Élcio é um compêndio ambulante do que um policial não deve fazer. Foi expulso da PM em 2015, por corrupção. Desde então alterna serviços como segurança particular (de pessoas e transporte de cargas) e extorsões praticadas na periferia carioca. Alguns dos "bicos" foram indicados pelo seu amigo há três décadas, compadre e também ex-PM Ronnie Lessa — que Élcio diz ser o atirador que matou Marielle.
Lessa, segundo o relato, tem uma sociedade com um ex-bombeiro para exploração da "gatonet" (internet pirata) em Rocha Miranda, subúrbio da zona norte do Rio. Ele também aceitava encomendas para cometer assassinatos, como o de Marielle. Parte do dinheiro ele enviava, em espécie, para ajudar Élcio, além de indicá-lo para serviços variados, inclusive de vigilância de alvos.
Conforme Élcio, com o dinheiro Lessa comprou uma Dodge Ram blindada, uma lancha, vendeu essa lancha e comprou outra maior e também planejava fazer uma casa de praia em Angra dos Reis (além da residência no Rio). Tudo fruto de crimes. Segundo Élcio, os dois ex-PMs tinham também um arsenal de armas, que incluía submetralhadoras e fuzis e não custam barato.

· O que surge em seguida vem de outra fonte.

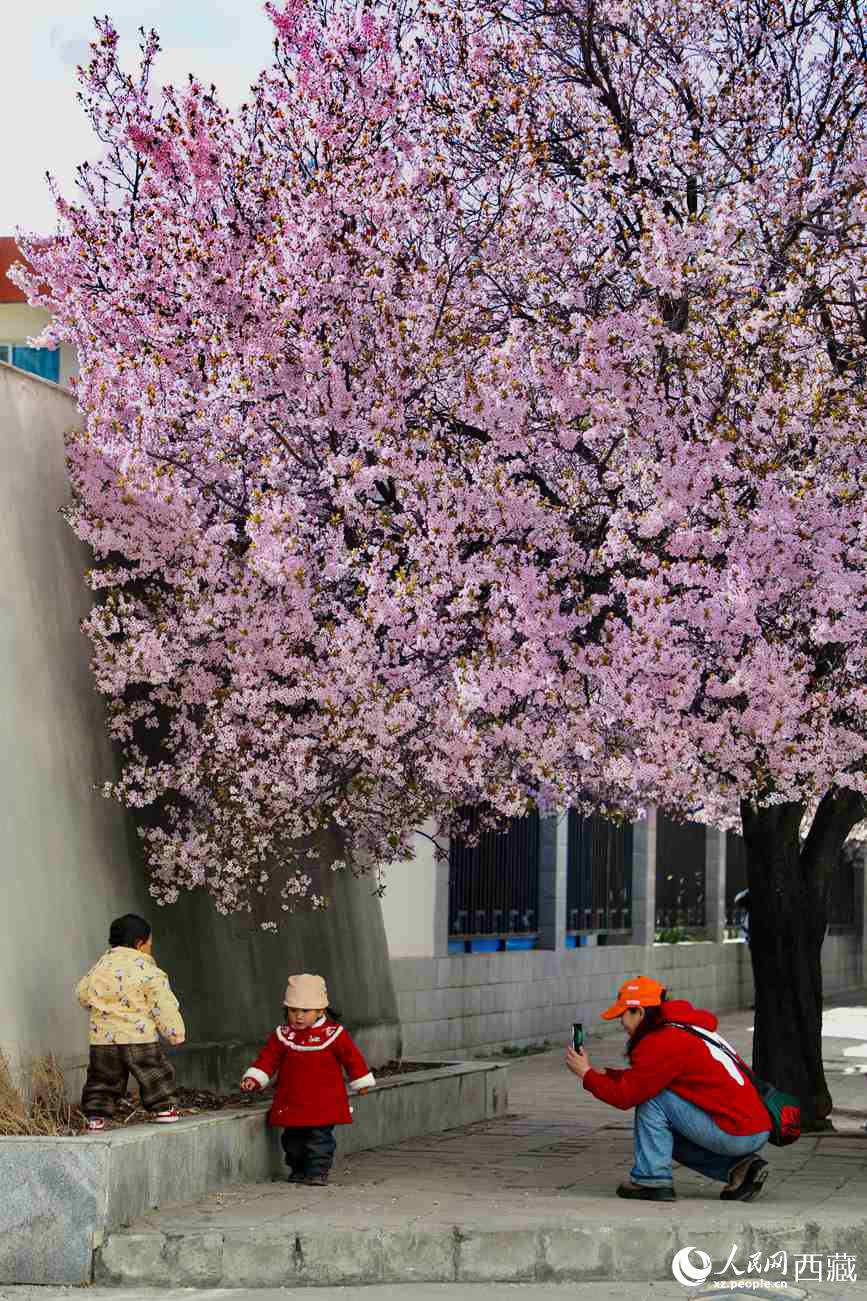 桃林下，拉薩市民游客樂享春光。人民網(wǎng)記者 次仁羅布攝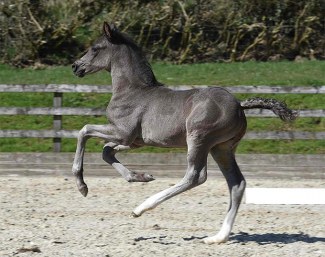Newton Roarcus (by Rotspon x Blue Hors First Choice)
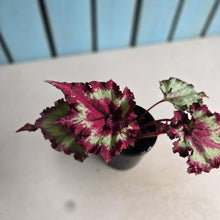 Load image into Gallery viewer, #R21 Begonia Raspberry Torte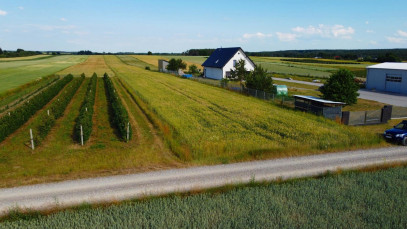 Działka Sprzedaż Borów-Kolonia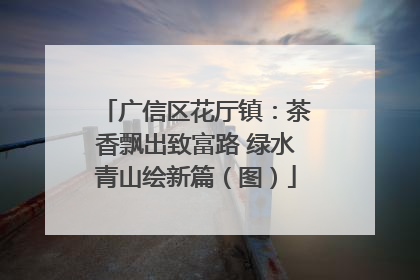 广信区花厅镇：茶香飘出致富路 绿水青山绘新篇（图）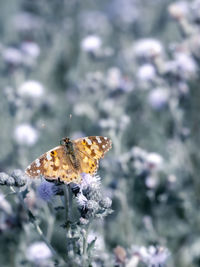 Close-up of butterfly pollinating on flower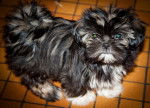 Gretshen - Shih Tzu Femelle (3 mois)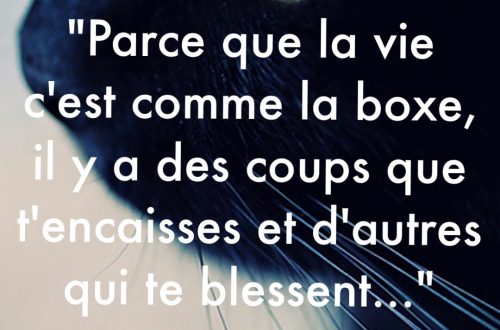 « Parce que la vie c’est comme la boxe, il y a des coups que t’encaisses et d’autres qui te blessent… »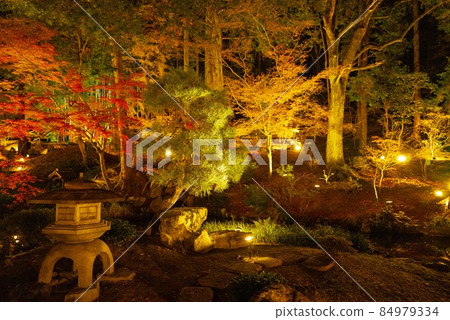 Konkai Komyoji Temple 被照亮的秋葉 Konkai Komyoji Temple 被照亮的秋葉 84979334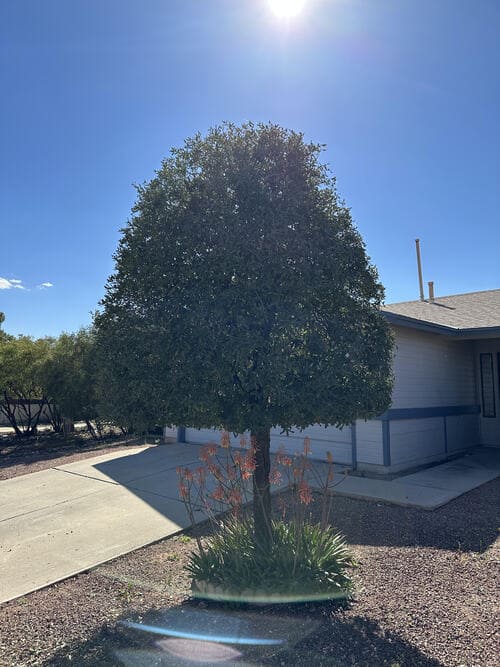 Tree Trimming and Removal — Arizona Landscaping photo gallery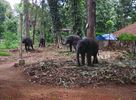Kodanadu Elephant Training Centre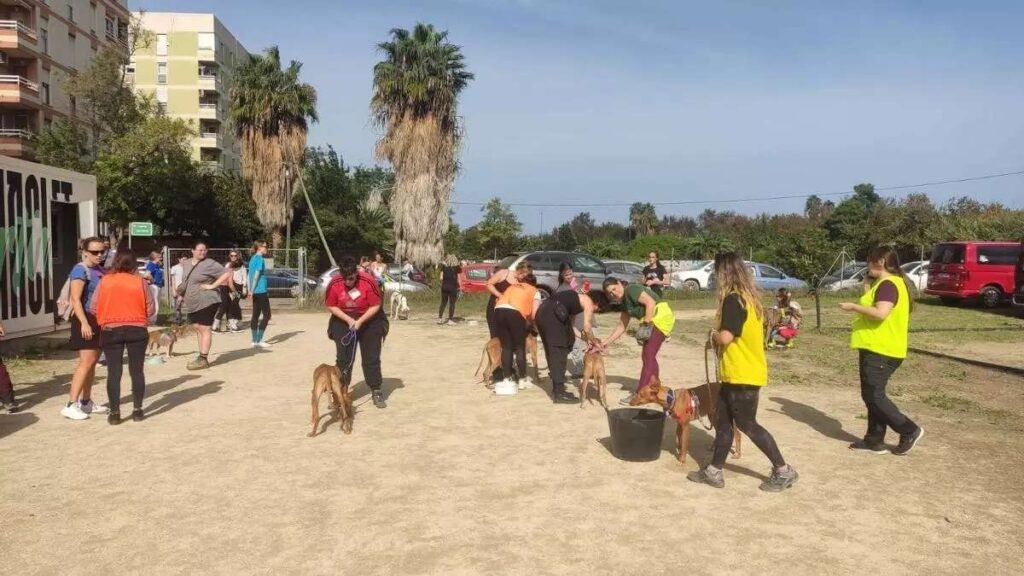 Salvan mascotas afectadas por la Dana en España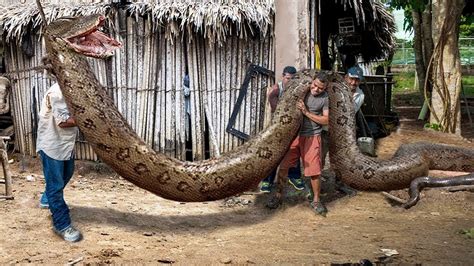 ক্যামেরায় ধরাপড়া সবথেকে বড় সাপ Most Biggest Snakes Ever Caught On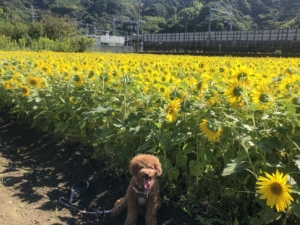 ひまわり畑とふうた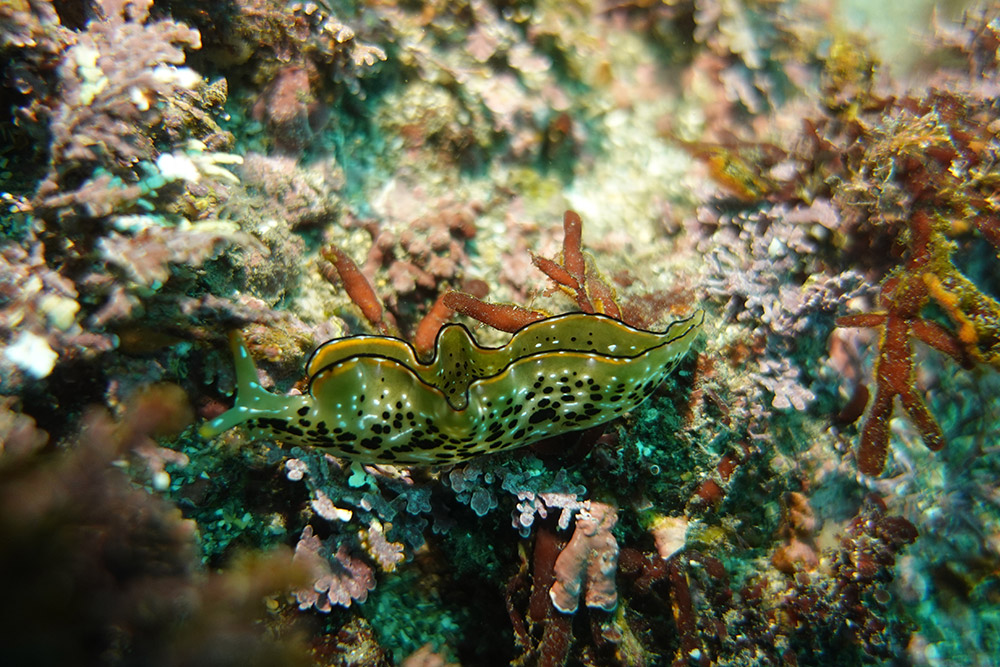 파래날씬이갯민숭붙이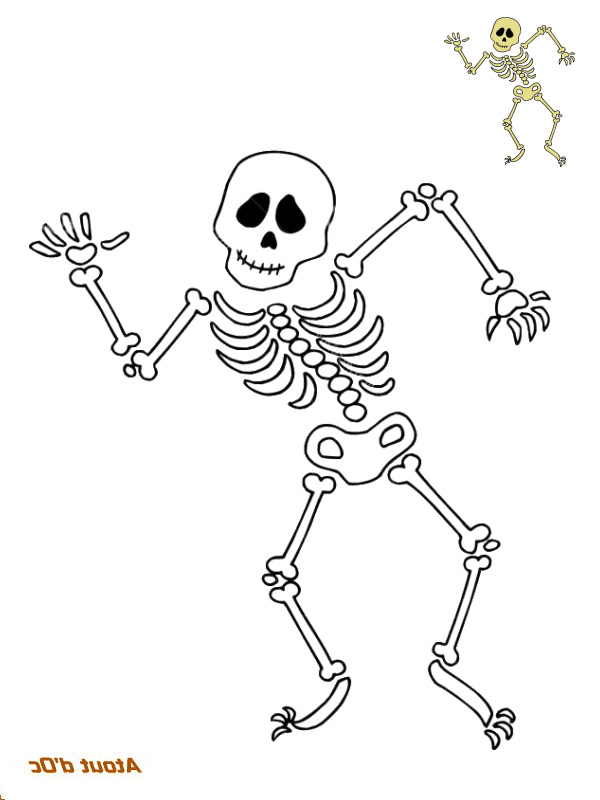 Coloriage Squelette Unique Stock atout Halloween Coloriages Squelettes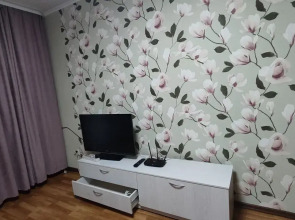 Квартира на Проспекте Карла Маркса 208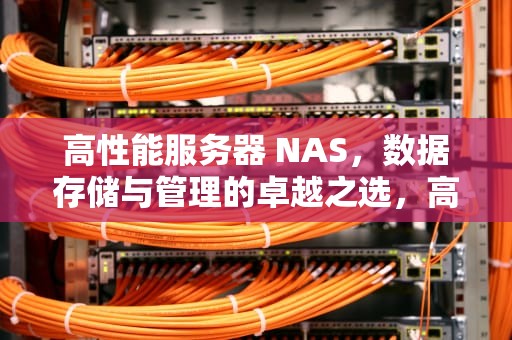 高性能服务器 NAS，数据存储与管理的卓越之选，高性能服务器多少钱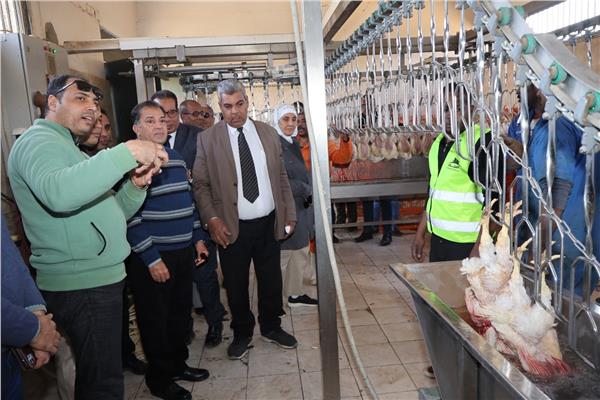 المجزر الآلي للدواجن بالجامعة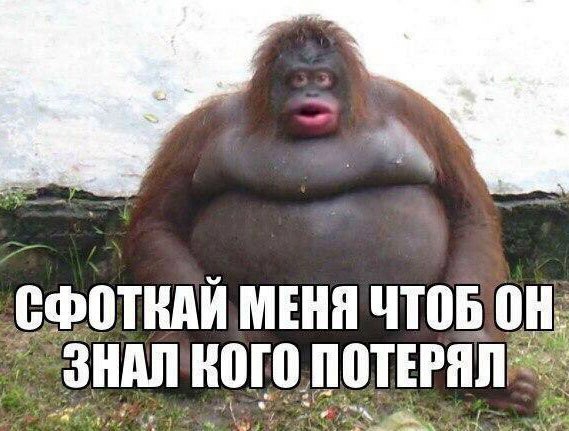 ВФЩНАЙ МЕНЯ чтоб он ЗШШ ПОЪПЩЕРПЛ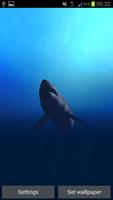 Great White Shark Real 3D الملصق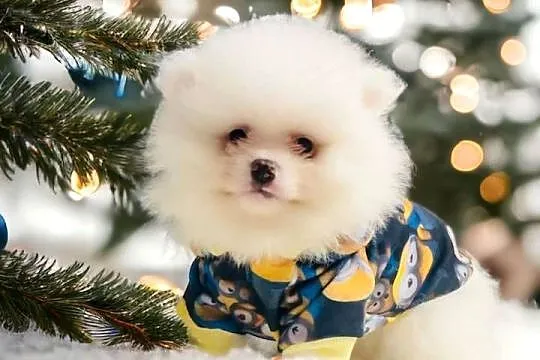 Pomeranian Teddy z Bajki. Hodowla Legalna., Śląskie, Katowice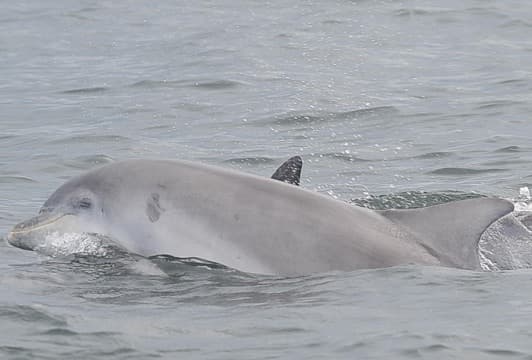 General photo of Kirby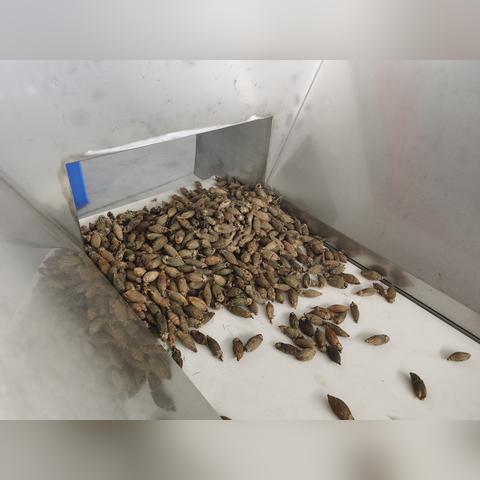 (电脑系统一直升级优化中)解决方案：电脑系统优化升级过程中频繁卡住的问题分析与处理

Élcio também fala dos métodos. Ele conta que além da habitual extorsão de comerciantes, os milicianos (inclusive ele) usam carros roubados para realizar as campanas (vigilâncias) dos alvos. É o caso do Cobalt utilizado para seguir Marielle até o local do assassinato.
"Carrinho ruim...carro de procedência roubada, conhecido como 'cabra'. Era clonado", resume Queiroz, no relato.
Em época de encomendas de crimes, esses milicianos usam celulares pré-pagos, descartáveis. E até desligam os aparelhos, no momento de cometer o delito. Utilizam também um aplicativo no telefone que apaga mensagens assim que são lidas.
Élcio diz que só soube que a mulher assassinada era uma vereadora minutos antes da emboscada. E que vomitou três vezes, de nervoso, após o crime ser cometido. Acredite, se quiser. Ao contrário dele, Lessa teria se mostrado metódico e frio. Entregou o Cobalt para um desmanche e picotou as placas do veículo, além de recolher os estojos dos projéteis disparados da metralhadora.
Élcio disse que rompeu com Lessa porque este mentiu ao dizer que não deixou rastros ao vigiar Marielle: teria feito pesquisas no celular a respeito da vereadora e seu endereço, o que possibilitou à Polícia Federal ligá-lo ao crime. Acredite, se puder...
Na realidade, Élcio quer se livrar de parte da pena pelo duplo homicídio. Deve ficar mais oito anos preso em regime fechado e, depois, ganhar proteção estatal. O desafio maior da PF é chegar aos mandantes da dupla execução.